We are now down to the wire… and guess what?
We can now get really excited about not just leaving our homes but heading out beyond the metro area!
From these areas, there’s some amazing attractions… some of which aren’t even on the ground.
Like the Valley of the Giants Treetop Walk in Walpole.
Get a bird’s eye view of some of the tallest timber trees on the planet.
The first of its kind, the trail is 40 metres off the ground as it meanders through the treetops for 600 metres.
Or the Granite Skywalk in the heart of the Porongurup National Park
The granite outcrop of Castle Rock is a lazy 1,100 million years old and you can walk its 670 metre peak to take in the exhilarating view from the suspended Granite Skywalk trail, which is roughly 3 kilometres long and, in some places, it’s not exactly a walk in the park, they reckon you should allow a couple of hours to complete the steep 3 kilometre return walk.
In more bridge-y attractions, you can head back to Albany and cop a breathtaking eyeful of The Gap.
This platform is a heart-stopping 40 metres directly above the ocean – which can change from gentle and mesmerising to the rush of an absolutely surging sea.
Thing is, down this end of WA there are some attractions that aren’t on the ground but in the ground…
Like the Jewel Cave along Caves Road, which is one of the world’s most spectacular tourist caves.

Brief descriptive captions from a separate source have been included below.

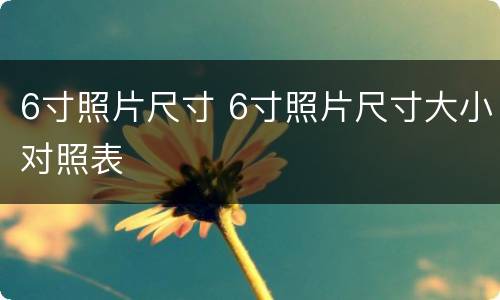 6寸照片尺寸 6寸照片尺寸大小对照表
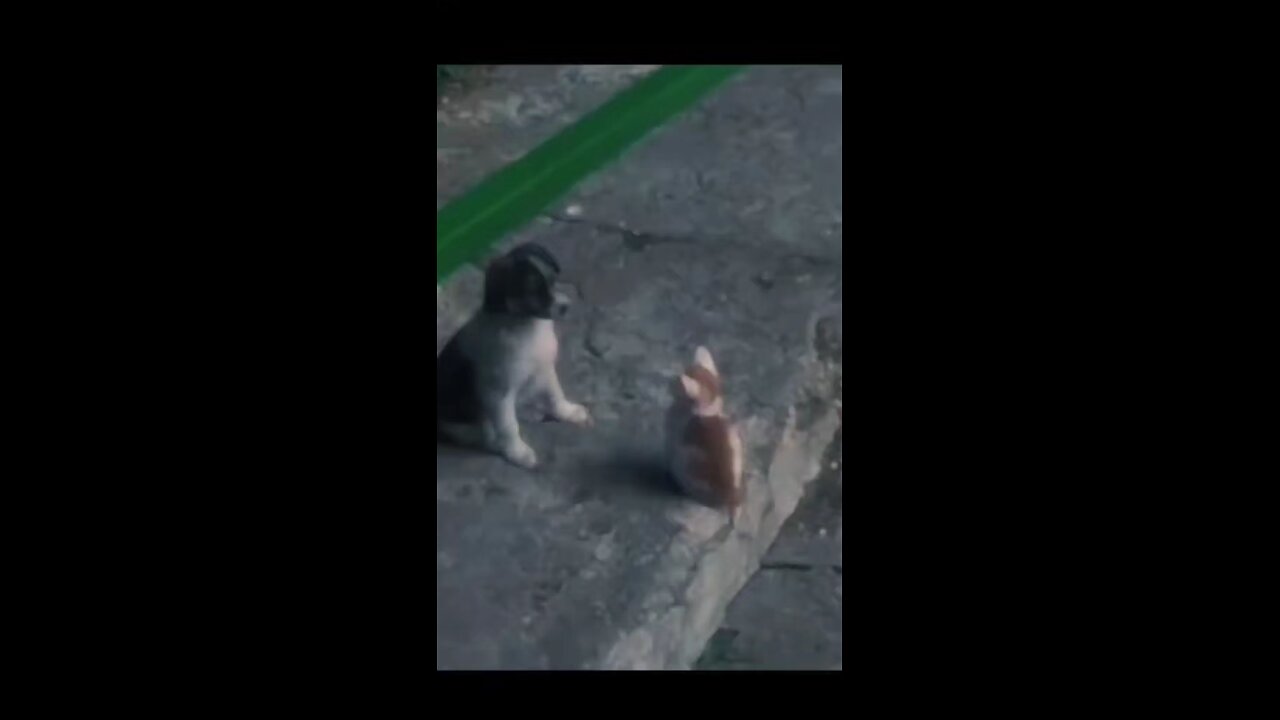 😂 😂 😂 😂 😂 😂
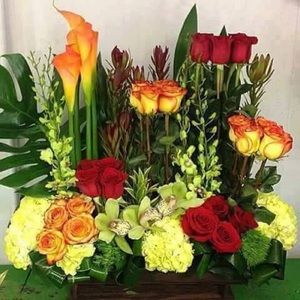 Meet your Posher, Denice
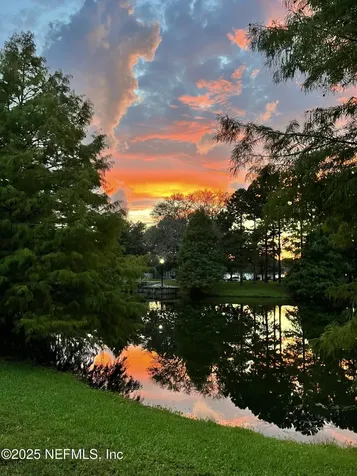 846 Mosswood Chase Street Orange Park FL 32065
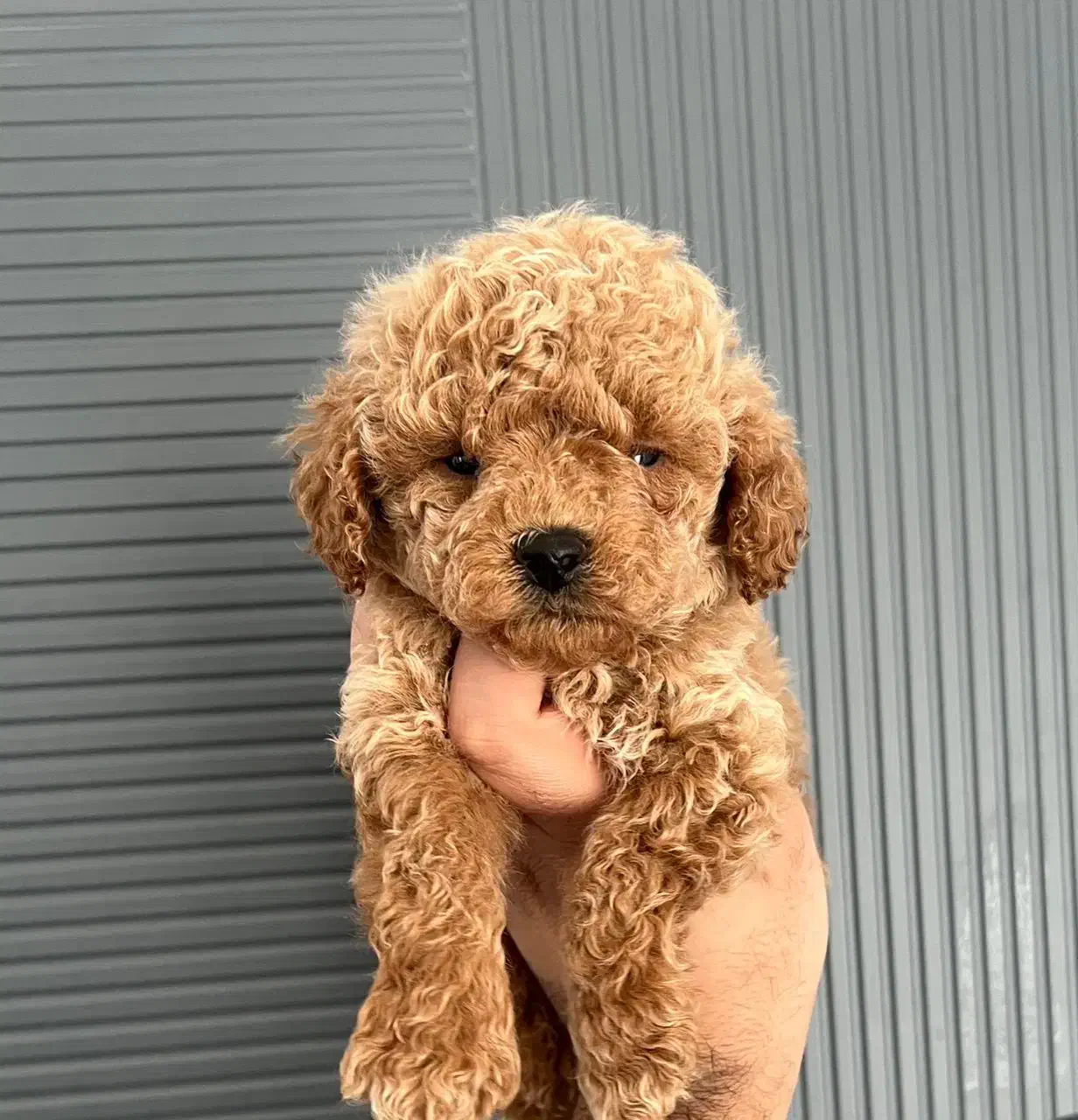 فرفری پودل اورجینال۱۰۰ درصد|سگ|رشت, لاکانی|دیوار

It has three massive chambers but, get this, one of the most mind-blowing things is this one hollow crystal tube the diameter of just a single water droplet, it grows down into the cave darkness for almost five-and-a-half metres, reaching longer than any other in all the show caves in Australia.
Another natural time capsule is the Mammoth Cave… I mean, it ain’t called that for nothing… below is just the opening chamber.

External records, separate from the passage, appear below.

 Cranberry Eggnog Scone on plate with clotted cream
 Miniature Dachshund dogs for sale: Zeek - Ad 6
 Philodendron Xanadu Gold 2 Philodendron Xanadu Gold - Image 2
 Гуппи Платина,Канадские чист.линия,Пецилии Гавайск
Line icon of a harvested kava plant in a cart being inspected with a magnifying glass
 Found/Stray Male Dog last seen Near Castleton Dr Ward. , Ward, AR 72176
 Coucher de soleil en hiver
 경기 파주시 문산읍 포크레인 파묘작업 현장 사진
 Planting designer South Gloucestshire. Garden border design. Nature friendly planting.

Over 10,000 fossils had at one time accumulated inside the cave – including some giant animals called Australian Megafauna that became extinct around 46,000 years ago.

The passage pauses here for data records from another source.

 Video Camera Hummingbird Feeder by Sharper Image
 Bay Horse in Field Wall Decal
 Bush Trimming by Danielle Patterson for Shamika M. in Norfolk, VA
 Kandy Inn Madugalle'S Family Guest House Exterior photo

Embedded in one of the cave walls is a ‘zygomaturus’ jawbone which is about 50,000 year old. Crazy stuff.
Then there’s Ngilgi Cave, previously known as Yallingup Cave, which is perfect for the more adventurous.
Led by qualified guides, you can crawl, climb and navigate your way through some of the most spectacular parts of this cave that’s not normally seen by the public – we’re talking 45 metres below the earth’s surface.